Zu Thema Profisport. Es mag zwar auf den ersten Blick plausibel erscheinen, dass der Profisport die Spitze des gegenwärtigen Erkenntisstands repräsentiert. Allerdings unterliegt natürlich auch der Profisport bestimmten Zwängen und Irrationalitäten. Es ist noch gar nicht lange her, da konsumierten Sportler an Wettkampftagen Steaks und noch Anfangs des letzten Jahrzehnts gehörte es zu den Ritualen und "ungeschriebenen Regeln" im Profiradsport ("Le Metier"), nicht das weiße Innere von Brötchen zu Essen, weil sich das angeblich negativ auf die Leistung auswirke, oder selbst bei 25 Grad im Schatten mit Beinlingen zu trainieren, um die Muskeln "warm" zu halten.
Man kann zwar erkennen, dass im Profiradsport die Nutzung wissenschaftlicher Erkenntisse und Methoden in den letzten zwei Jahrzehnten zugenommen hat, wie sich das im Detail in der Trainingspraxis niederschlägt und auch wo die Gesetzmäßigkeiten der Branche dabei Grenzen setzen, ist indes nicht klar erkennbar. Zudem lassen bestimmte Elemente der Trainingspraxis von Profis, wenn man sie denn beobachten kann, nicht erkennen, was eigentlich die Motivation dahinter ist und welcher Zweck damit verfolgt wird. Zudem muss man natürlich immer beachten, dass Profis bei der Auswahl ihrer Trainingsmittel aufgrund der Tatsache, dass sie ein anderes Zeitbudget haben, grundsätzlich anders vorgehen können, als Hobbysportler mit begrenztem Zeitbudget. Als Profi kann man auch Dinge ausprobieren, die allenfalls einen marginalen Nutzen versprechen, schließlich hat man ja Zeit.

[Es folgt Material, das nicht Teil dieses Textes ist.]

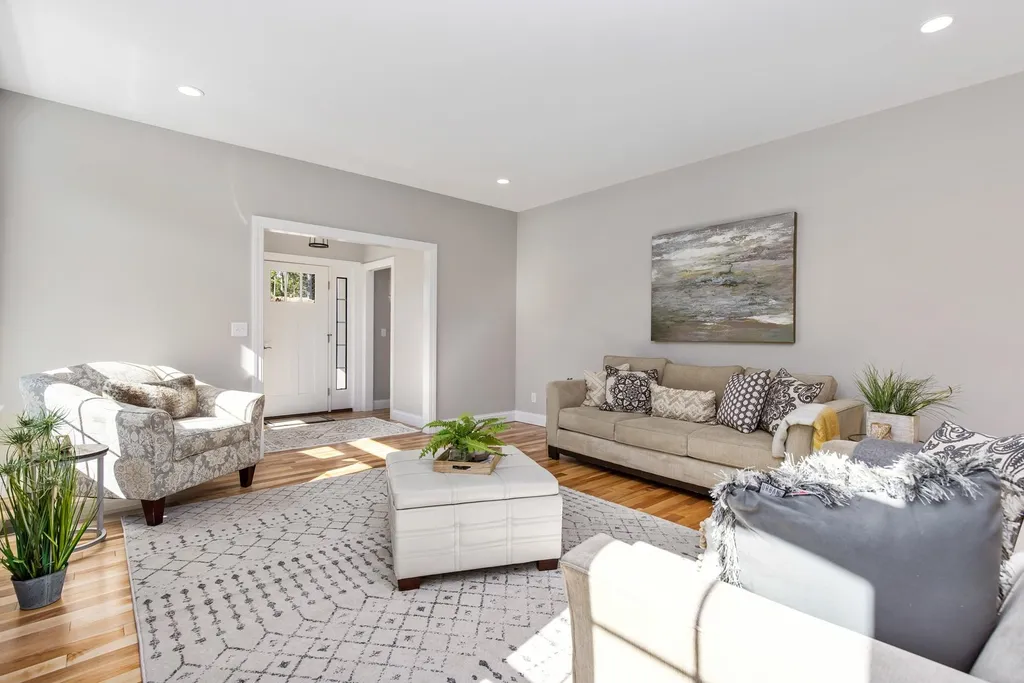 28 Sage Drive Hampton NH 03842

Ich kann btw. auch nicht Erkennen, dass Core-Training oder Krafftraining fllächendeckend und umfassend im Zirkus der Straßenprofis zur Anwendung kommen (auf der Bahn sieht das natürlich ganz aus, insb. im Kurzzeitbereich). Nach allem was man lesen kann, ist die Nutzung solcher Methoden eher in der Übergangsphase nach der Saison, in der frühen Saisonvorbereitung und bei Rehabilitationen nach Stürzen verbreitet (wobei hier sicher auch noch zwischen verschiedenen Fahrertypen zu differenzieren ist.)

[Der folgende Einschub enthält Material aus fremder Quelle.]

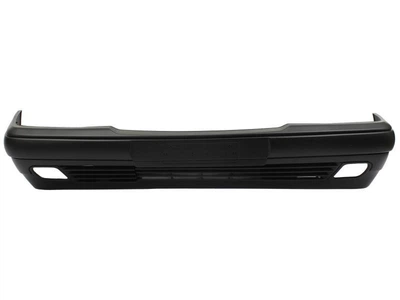 Бампер передній Mercedes, E-Class 95-03р Starline KH3527 900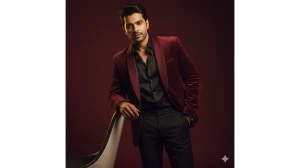 25 Gemini AI Photo Editing Prompts for Men: Turn Your Photos into 4K Cinematic Portraits 25 Gemini AI Photo Editing Prompts for Men: Turn Your Photos into 4K Cinematic Portraits image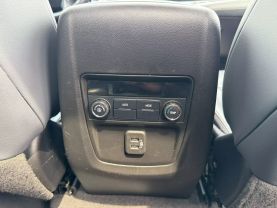 2020 BUICK ENCLAVE SUV V6, 3.6 LITER ESSENCE SPORT UTILITY 4D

Zum Thema Bewegung des Oberkörpers beim Treten: Natürlich verbraucht das hin- und herwiegen des Oberkörpers Energie, das ist gar keine Frage. Die Frage ist, ob das eine für die Gesamtleistung relevanten Umfang annimmt und ein Energie-/Sauerstoffverzehr bei diesen Bewegungen dazu führt, dass die Leitung in der primären Arbeitsmuskulatur beeinträchtigt wird. Das kann ich nicht erkennen. Bezüglich des hin- und herwiegens des Oberkörprers ist es übrigens sehr empfehlenswert, sich mal alte Radsport-Aufnahmen anzuschauen. Selbst der große Eddy Merckx hat am Berg mit dem Oberkörper "hin- und hergejammpelt" - btw. weit mehr als mancher weniger erfolgreiche Konkurrent. Der Grund für den starken Einsatz des Oberkörpers ist in "zu" dicken Gängen (wie sie früber üblich waren) und der Ermüdung des Sportlers zu suchen. Je "kaputter" man ist und je dicker die Gänge die zur Verfügung stehen, desto mehr wird mit dem Oberkörper "gewackelt". Um den Oberkörper ruhig zu halten braucht man also die richtige Übersetzung und eine gute Rad-Form mit einer ausgeprägten Ermüdungsresitenz. Sinnvolle und effiziente Wege dahin führen nicht über "Core-Training". Der "Core" wird für die Anforderungen auf dem Rad durch ein gutes Rad-Trainingsprogramm völlig ausreichend trainiert, jedenfalls solange keine Krankkeiten am Bewegungsapparat vorliegen.